The Pirates’ failure is a betrayal of the central promise made — build it and we will compete — when taxpayers (largely against their will) sprang for much of the costs of building the prettiest ballpark in North America. The irony is that a strong case can be made that the shakier secondary promise, that this stadium would be an economic boost to Pittsburgh, seems to have come true.
The top six and eight of the top 10 attendance seasons in franchise history have come in PNC Park. And this happened despite having only four winning years in those environs (also just four in the past 31 seasons, kids, if you’re scoring at home).
Pirates fans aren’t delusional. They just like baseball and they come out in greater numbers when the team is good. Average seasonal attendance topped the entire population of the seven-county metro area during the wild card stretch from 2013 to 2015. But every season’s attendance is also augmented by hundreds of thousands of baseball tourists.
A 2018 zip code study by the Sports & Exhibition Authority showed that more than a third of PNC Park’s nearly 2 million attendees in 2017 came from outside Pennsylvania. Six of 10 were from outside Allegheny County.

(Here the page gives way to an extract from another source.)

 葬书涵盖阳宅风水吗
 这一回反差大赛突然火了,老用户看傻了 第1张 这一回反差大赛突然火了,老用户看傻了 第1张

A slice of those visitors were Pirates fans from Ohio, West Virginia or the great Pittsburgh diaspora. But most were arriving to root for the visitors, as any glance around the ballpark for jerseys would show during a Phillies, Mets or Cubs game. PNC Park is on a lot of baseball fans’ bucket lists, not least because the tickets are far cheaper than their favorite teams’ extortionary prices.
Those clamoring hordes stay in the hotels and eat in the restaurants that have replaced the empty asphalt sea that surrounded Three Rivers Stadium for three decades. The Pirates not only bring in more visitors than the Penguins and Steelers combined, they bring in more than the convention center.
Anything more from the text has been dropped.